Upon his death, several articles appeared in the newspapers commenting on his contribution to sports. "He made a substantial contribution to our sport," wrote footballer and commentator Albert "Bootins" Alkins in his Trinidad Express column. Brunell Jones wrote in the Evening News: "The Bonanza era spawned a large army of knowledgeable men in cricket and Dr. Francis was among the best of them. He could smell a bad shot, a faulty bit of fielding or a bad ball a mile off, and he could write about the game." Sir Errol Dos Santos told the Trinidad Express: "Dr. Francis will be greatly missed. He was a great asset to the cricket world." In the Trinidad Guardian, Alvin Corneal wrote: "With his death there now appears a vacuum in the sporting world. It will be, of course, a long time before this vacuum is replaced."

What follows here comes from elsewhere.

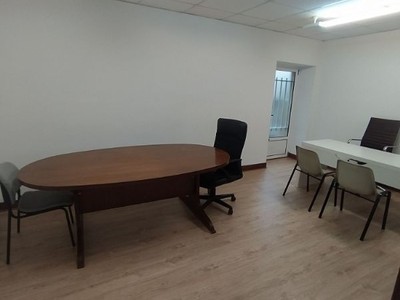 Oficina en alquiler en Castro Urdiales, Centro, con baño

== Awards and recognition ==

In 1971, he was awarded the nation’s second highest civilian honour: the Trinidad and Tobago Chaconia Medal (Gold) for Medicine and Public Service.

On his passing, the House of Representative held one minute’s silence to honour Sir Warner Boos (Chairman of the Public Service Association), Alderman Fitz Blackman (former Mayor of Port of Spain), and Dr. A.G. Francis. Tributes were paid by Kamaluddin Mohammed, Minister of Health & Leader of Government Business in the House, as well as by Opposition Leader Roy Richardson. The Trinidad and Tobago Medical Association cancelled its annual dinner as a mark of respect.

In 1999, Francis was inducted into the St. Mary’s College Hall of Fame.

== Personal life ==

He married Lorna Kilgour in 1940, and had three children (among them musician Gretta Taylor), and three grandchildren. There are references to him in several media with incorrect spelling, as Dr. Aldwyn Francis and Dr. Alwyn Francis.